*EXERCISE OBJECTIVE*: Find "Green Apophyllite with", then copy its line and every later line of the entries exactly through the end, leaving all pictures out.

*DATA FOR THIS EXERCISE*:
#####

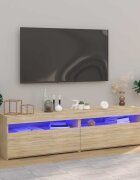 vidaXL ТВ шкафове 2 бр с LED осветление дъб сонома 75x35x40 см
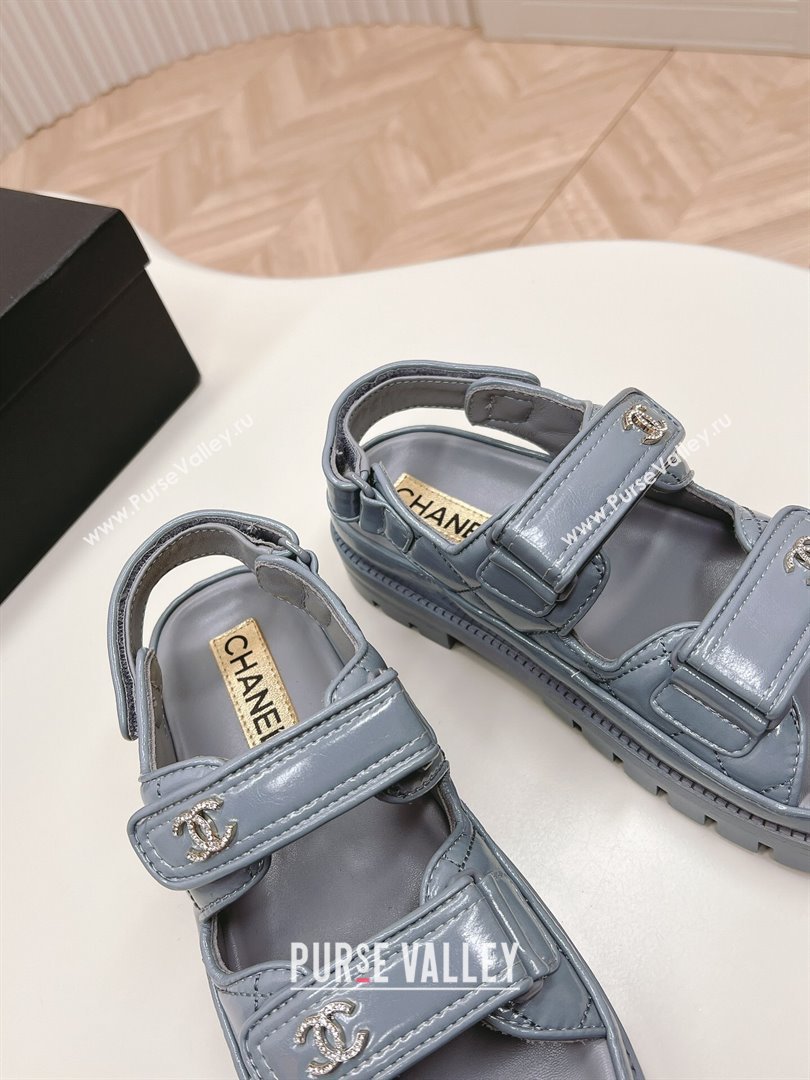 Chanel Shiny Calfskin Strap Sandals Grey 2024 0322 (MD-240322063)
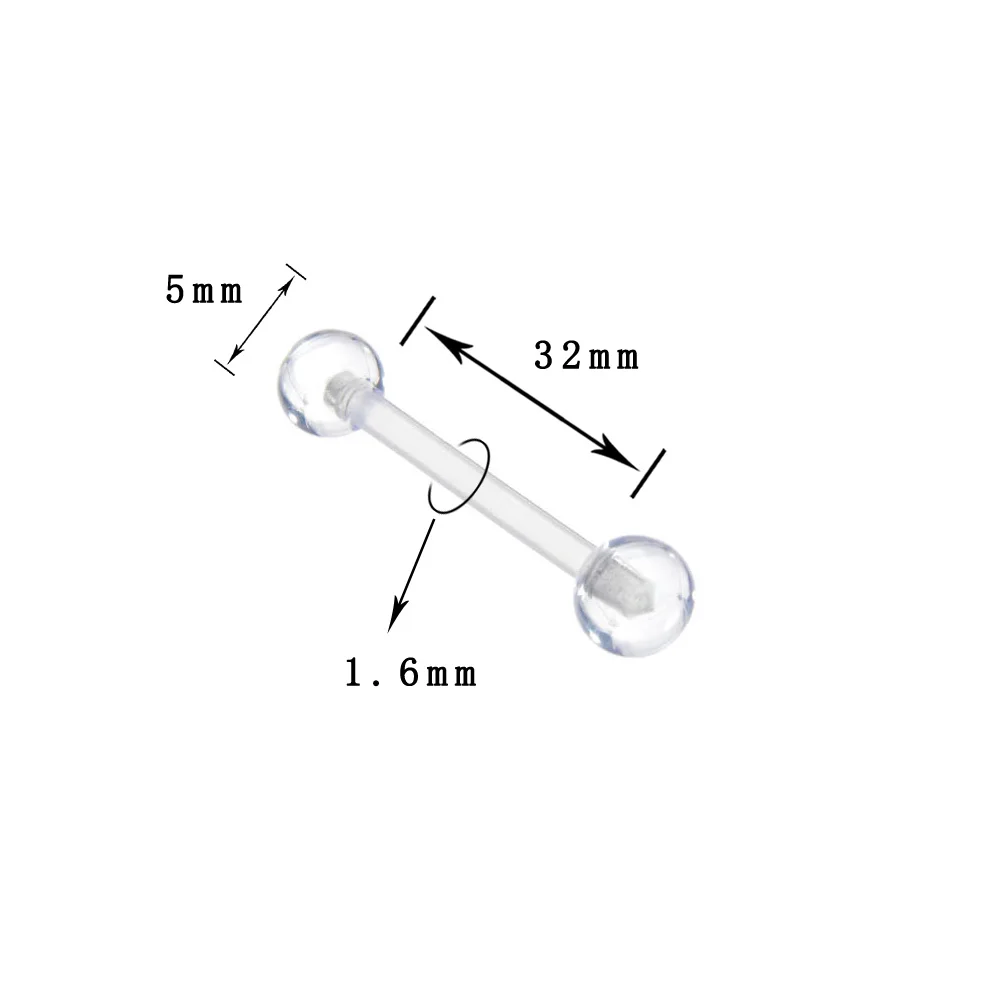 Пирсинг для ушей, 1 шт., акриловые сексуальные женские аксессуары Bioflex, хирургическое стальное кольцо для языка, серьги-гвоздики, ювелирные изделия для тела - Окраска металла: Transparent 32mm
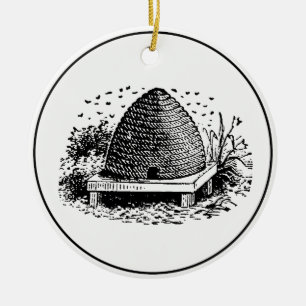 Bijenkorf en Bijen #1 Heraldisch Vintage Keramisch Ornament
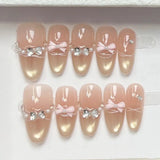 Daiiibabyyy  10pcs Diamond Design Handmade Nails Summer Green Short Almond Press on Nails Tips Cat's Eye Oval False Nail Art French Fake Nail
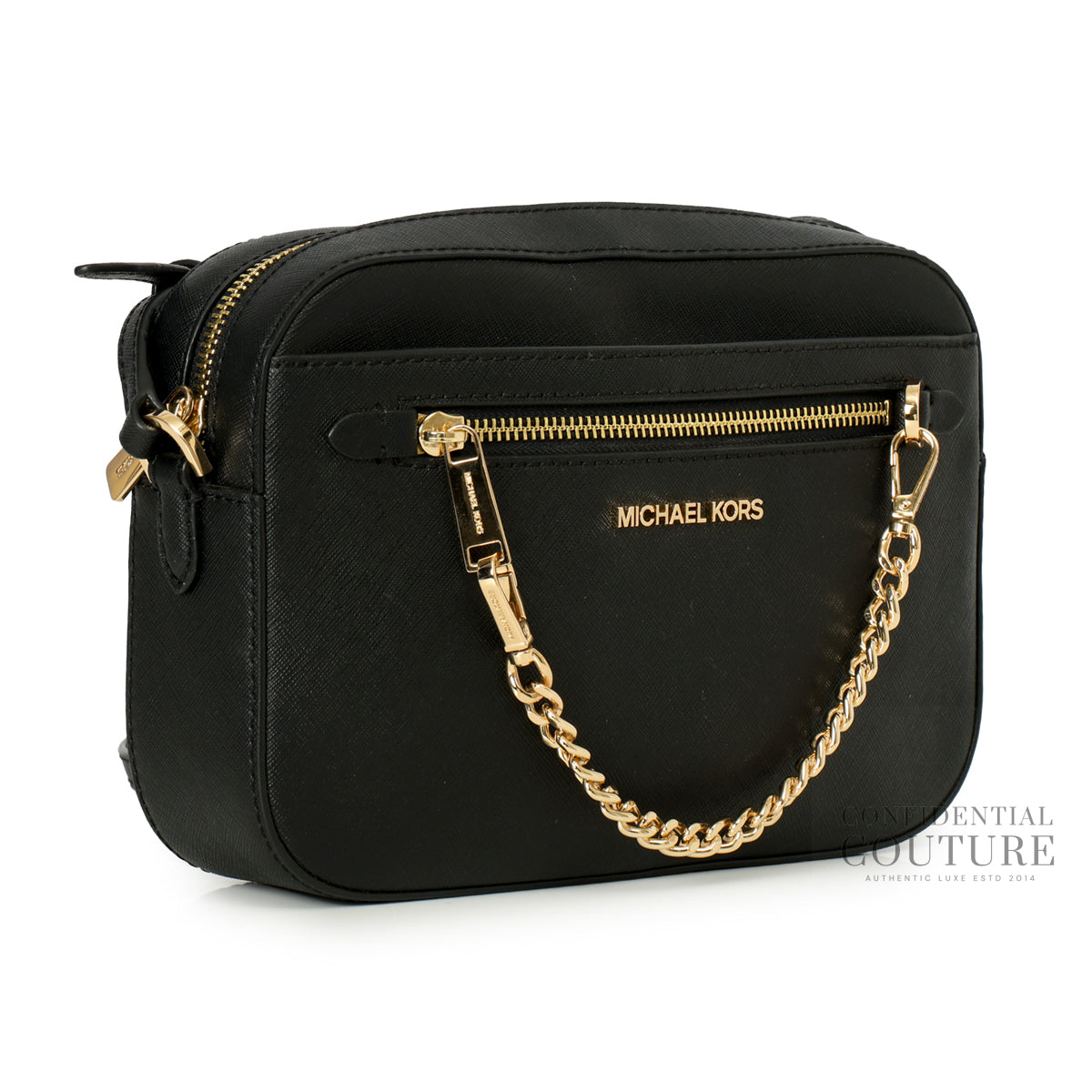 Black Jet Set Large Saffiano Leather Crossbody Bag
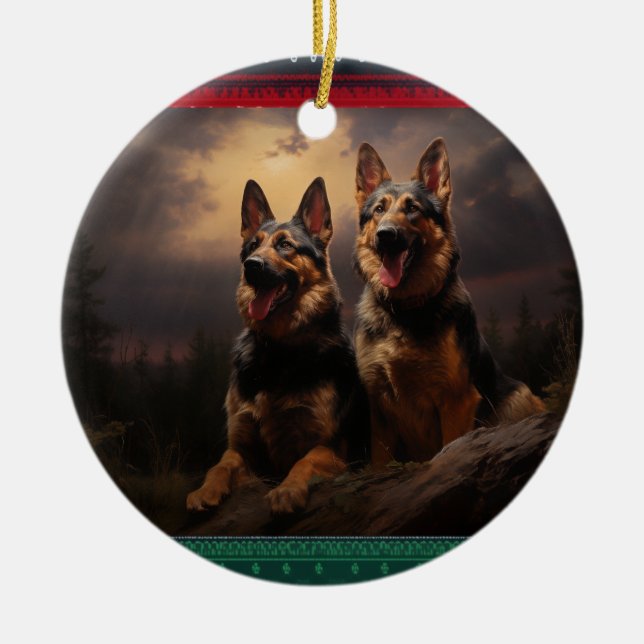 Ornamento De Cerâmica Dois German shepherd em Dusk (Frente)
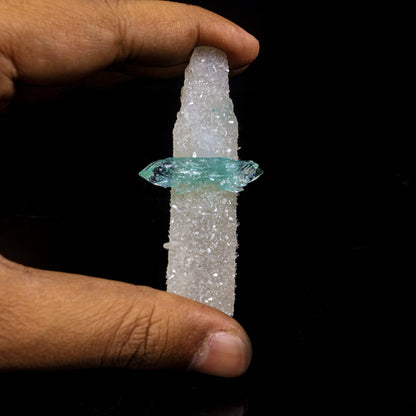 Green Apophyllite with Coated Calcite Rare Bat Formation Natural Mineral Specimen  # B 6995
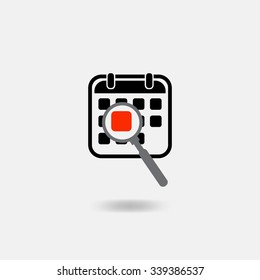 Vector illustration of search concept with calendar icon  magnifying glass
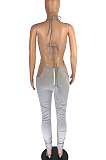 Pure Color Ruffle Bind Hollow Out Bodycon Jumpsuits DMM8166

#####

*REPLY TO THE TASK*:
 Green Apophyllite with Coated Calcite Rare Bat Formation Natural Mineral Specimen  # B 6995
 Vector illustration of search concept with calendar icon  magnifying glass
 Pure Color Ruffle Bind Hollow Out Bodycon Jumpsuits DMM8166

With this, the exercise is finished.